Monday’s ruling followed an initial judgment from November last year and upheld the case against the tariff, which was first brought by Ecuador in 2006.

The South American country launched the complaint – which was backed by the US, Mexico, Guatemala, Honduras, Colombia, Nicaragua and Panama – after the EU imposed import duties of €176 per tonne on bananas from nations outside its former African, Caribbean and Pacific (ACP) colonies.
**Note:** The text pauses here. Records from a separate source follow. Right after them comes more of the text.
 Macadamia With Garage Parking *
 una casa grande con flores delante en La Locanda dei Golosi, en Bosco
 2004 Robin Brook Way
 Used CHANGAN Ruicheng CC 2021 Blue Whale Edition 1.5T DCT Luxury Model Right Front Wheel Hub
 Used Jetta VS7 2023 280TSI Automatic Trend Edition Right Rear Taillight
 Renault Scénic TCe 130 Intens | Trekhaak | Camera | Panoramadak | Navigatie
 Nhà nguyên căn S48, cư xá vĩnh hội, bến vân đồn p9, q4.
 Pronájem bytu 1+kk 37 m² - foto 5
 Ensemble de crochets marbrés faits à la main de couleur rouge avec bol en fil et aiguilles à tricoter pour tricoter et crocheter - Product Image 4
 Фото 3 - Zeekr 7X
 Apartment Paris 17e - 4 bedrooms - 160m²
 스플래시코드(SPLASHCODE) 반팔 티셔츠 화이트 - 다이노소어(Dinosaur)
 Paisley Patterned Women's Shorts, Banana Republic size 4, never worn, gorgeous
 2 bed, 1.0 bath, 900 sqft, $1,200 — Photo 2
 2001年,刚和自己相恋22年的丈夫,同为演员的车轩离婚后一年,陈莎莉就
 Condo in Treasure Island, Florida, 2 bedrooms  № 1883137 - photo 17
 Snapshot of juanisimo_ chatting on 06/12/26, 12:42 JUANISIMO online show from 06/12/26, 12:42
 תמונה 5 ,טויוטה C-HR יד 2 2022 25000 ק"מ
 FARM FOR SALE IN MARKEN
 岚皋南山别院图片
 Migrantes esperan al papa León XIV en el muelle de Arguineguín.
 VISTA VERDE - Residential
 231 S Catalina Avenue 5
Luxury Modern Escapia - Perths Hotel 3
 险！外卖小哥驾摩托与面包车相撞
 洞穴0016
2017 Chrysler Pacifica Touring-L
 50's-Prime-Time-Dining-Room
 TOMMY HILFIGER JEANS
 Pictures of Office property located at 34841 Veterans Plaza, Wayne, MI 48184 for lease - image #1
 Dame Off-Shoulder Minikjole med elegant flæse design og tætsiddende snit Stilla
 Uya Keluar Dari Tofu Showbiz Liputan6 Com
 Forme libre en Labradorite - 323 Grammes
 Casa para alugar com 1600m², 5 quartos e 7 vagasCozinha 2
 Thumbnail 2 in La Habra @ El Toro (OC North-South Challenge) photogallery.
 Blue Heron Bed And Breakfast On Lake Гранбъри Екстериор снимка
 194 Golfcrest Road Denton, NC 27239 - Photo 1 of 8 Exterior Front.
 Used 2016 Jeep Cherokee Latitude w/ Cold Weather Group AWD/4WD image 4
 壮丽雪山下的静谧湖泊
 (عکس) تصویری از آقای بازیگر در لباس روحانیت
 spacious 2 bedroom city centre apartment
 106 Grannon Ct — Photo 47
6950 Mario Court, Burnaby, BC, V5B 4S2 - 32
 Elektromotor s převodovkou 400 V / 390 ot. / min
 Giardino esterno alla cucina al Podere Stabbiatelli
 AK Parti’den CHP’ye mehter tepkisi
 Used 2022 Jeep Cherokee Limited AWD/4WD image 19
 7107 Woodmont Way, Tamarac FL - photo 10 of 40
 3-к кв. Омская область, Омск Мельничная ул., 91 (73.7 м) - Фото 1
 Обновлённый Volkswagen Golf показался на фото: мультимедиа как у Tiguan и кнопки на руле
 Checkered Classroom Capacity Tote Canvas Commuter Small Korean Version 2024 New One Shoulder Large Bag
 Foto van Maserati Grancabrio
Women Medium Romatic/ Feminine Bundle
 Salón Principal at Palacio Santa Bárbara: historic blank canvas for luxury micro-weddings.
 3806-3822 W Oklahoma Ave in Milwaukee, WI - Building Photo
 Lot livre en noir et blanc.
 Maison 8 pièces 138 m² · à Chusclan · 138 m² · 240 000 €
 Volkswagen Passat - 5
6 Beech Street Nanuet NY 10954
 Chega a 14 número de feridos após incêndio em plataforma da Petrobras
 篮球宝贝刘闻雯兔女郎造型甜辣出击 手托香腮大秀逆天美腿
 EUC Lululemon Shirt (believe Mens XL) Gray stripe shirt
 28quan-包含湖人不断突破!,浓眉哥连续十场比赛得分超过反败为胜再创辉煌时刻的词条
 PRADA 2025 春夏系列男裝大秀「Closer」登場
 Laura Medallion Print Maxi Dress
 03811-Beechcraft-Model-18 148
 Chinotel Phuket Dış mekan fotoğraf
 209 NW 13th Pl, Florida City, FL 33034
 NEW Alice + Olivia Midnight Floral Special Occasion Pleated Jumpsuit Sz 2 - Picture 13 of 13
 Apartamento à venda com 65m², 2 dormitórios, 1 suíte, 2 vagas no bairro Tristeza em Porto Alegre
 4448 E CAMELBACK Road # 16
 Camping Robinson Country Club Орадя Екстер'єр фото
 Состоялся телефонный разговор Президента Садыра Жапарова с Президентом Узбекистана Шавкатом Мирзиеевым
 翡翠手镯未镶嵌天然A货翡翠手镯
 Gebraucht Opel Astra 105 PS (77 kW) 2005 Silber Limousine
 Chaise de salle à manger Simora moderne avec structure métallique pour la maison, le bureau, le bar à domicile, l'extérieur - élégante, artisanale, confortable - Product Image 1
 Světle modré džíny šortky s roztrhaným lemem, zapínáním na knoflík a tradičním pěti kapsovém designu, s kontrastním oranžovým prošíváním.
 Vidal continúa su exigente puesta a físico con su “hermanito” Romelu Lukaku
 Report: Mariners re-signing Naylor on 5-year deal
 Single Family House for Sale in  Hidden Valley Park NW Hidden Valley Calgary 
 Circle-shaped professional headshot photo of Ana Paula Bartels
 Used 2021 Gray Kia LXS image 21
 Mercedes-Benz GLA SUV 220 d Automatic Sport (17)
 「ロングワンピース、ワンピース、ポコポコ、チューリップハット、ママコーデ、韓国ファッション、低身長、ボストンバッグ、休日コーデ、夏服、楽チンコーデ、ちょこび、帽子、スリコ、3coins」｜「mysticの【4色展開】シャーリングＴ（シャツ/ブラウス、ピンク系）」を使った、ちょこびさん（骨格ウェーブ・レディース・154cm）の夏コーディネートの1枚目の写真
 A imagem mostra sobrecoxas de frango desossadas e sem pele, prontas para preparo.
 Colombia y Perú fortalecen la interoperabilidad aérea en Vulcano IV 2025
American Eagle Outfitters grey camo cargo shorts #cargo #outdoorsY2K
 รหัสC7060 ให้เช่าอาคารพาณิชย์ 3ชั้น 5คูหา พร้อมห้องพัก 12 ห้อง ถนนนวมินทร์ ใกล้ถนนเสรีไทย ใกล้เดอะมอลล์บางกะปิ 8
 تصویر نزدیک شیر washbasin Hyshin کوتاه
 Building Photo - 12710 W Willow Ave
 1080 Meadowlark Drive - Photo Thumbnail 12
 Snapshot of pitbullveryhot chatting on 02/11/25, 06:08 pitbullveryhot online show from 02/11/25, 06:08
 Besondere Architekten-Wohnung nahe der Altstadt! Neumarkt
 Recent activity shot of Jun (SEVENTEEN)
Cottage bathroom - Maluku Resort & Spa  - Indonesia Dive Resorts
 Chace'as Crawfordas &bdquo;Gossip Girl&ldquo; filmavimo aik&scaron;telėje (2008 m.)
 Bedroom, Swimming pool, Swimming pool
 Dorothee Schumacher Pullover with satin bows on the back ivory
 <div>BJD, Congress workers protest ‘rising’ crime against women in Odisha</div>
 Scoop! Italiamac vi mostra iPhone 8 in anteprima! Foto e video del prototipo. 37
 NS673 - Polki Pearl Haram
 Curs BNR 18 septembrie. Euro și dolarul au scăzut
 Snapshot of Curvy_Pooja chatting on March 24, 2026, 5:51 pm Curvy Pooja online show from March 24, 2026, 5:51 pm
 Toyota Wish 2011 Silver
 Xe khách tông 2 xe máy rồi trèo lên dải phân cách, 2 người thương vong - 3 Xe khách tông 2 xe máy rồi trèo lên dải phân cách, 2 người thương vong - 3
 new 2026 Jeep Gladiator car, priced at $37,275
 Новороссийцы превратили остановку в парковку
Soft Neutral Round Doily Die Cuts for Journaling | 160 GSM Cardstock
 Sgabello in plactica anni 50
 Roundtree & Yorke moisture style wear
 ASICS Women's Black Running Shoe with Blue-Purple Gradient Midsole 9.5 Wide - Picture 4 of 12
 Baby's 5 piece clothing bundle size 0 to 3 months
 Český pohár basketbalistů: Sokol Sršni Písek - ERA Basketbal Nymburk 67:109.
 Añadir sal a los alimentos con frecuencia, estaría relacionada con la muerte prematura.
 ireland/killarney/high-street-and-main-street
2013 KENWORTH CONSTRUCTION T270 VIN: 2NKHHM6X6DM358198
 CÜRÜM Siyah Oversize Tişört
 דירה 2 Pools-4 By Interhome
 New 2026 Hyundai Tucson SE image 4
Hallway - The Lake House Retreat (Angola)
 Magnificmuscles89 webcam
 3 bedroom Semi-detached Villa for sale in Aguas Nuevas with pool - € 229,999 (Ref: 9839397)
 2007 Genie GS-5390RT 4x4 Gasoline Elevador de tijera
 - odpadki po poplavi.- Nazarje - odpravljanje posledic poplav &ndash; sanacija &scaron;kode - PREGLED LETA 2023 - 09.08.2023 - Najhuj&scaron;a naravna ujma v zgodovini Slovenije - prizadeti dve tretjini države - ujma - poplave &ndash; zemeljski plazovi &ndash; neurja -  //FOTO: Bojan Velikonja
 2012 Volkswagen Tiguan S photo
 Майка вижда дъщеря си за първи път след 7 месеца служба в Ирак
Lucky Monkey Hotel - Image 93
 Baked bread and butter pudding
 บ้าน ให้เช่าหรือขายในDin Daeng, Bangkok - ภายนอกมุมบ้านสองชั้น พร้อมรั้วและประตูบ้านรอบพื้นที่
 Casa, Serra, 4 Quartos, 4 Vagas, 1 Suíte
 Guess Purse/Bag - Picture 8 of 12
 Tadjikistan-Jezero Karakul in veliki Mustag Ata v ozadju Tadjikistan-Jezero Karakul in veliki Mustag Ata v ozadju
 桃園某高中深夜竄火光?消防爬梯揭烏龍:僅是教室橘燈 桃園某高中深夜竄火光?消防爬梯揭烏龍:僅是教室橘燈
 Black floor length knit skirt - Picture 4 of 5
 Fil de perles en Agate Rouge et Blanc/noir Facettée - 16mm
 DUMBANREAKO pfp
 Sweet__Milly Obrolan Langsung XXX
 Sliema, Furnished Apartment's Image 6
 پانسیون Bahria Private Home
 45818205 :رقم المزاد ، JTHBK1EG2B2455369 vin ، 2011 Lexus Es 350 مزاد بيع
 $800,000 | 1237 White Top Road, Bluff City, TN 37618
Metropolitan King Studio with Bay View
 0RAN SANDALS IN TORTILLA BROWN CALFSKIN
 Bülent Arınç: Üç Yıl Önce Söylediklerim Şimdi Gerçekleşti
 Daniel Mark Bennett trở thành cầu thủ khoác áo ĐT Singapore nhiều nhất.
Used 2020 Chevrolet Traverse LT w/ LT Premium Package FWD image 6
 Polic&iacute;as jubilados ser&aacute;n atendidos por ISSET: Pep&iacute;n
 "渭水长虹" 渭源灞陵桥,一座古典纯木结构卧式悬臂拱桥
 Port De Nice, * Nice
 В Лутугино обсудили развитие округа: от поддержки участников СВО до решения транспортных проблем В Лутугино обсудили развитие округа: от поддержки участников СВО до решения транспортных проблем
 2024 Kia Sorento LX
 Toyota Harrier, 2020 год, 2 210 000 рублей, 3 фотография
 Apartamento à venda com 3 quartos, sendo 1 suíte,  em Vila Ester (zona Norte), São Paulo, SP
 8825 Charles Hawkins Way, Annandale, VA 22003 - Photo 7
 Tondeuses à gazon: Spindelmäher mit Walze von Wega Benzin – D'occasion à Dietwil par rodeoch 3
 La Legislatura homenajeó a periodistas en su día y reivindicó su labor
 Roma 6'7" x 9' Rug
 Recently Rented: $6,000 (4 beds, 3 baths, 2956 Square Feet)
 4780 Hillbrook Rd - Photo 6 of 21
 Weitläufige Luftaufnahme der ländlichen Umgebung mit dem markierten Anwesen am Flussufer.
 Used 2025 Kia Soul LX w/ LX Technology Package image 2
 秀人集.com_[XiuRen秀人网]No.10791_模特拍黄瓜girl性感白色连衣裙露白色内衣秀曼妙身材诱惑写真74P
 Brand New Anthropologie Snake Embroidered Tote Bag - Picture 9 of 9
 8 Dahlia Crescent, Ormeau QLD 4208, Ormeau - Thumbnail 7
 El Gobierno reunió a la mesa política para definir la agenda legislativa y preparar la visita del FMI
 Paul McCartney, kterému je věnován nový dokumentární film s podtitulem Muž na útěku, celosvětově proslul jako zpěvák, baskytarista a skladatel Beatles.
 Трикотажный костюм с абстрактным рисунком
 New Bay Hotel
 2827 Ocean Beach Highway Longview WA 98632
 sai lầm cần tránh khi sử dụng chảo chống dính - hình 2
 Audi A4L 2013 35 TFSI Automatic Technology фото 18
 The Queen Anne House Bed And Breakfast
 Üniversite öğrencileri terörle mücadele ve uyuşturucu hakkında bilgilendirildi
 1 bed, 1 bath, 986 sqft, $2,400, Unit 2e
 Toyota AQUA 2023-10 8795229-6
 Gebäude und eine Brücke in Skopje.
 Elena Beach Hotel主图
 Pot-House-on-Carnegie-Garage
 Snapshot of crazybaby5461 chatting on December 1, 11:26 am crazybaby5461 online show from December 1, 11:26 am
These ACP countries include the French Caribbean islands of Martinique and Guadeloupe, Portuguese-owned Madeira and the Azores, and Spain’s Canary Islands.

The ruling follows a previous successful complaint brought by the Latin American nations against the EU’s former banana regime in 1996.

Paul Trauger, financial director of Ecuador-owned banana importer Bonita Europe, welcomed the ruling as a “ratification of the position of Ecuador and other Latin American banana traders who have been complaining for 12 years about the EU banana regime”.

“The EU is unlawfully discriminating against Latin American banana traders and it’s already starting to hurt us – the entire industry is suffering because of this very high and indecent tariff,” he told Fruitnet.com. “Even now the Commission is still rejecting the problem, but there is no excuse for having an illegal and incompatible regime.”

Following the ruling, an EU spokesman said that the trading bloc may consider lodging an appeal against the findings. “The Commission disagrees with the conclusions of the panel report,” European Commission agriculture spokesman Michael Mann told the International Herald Tribune. “The panel has adopted a purely formalistic approach.” 

In a separate development, US fresh produce group Chiquita Brands International has announced the appointment of William Camp to its board of directors. Mr Camp was formerly executive vice-president of agricultural processing firm the Archer Daniels Midland Company.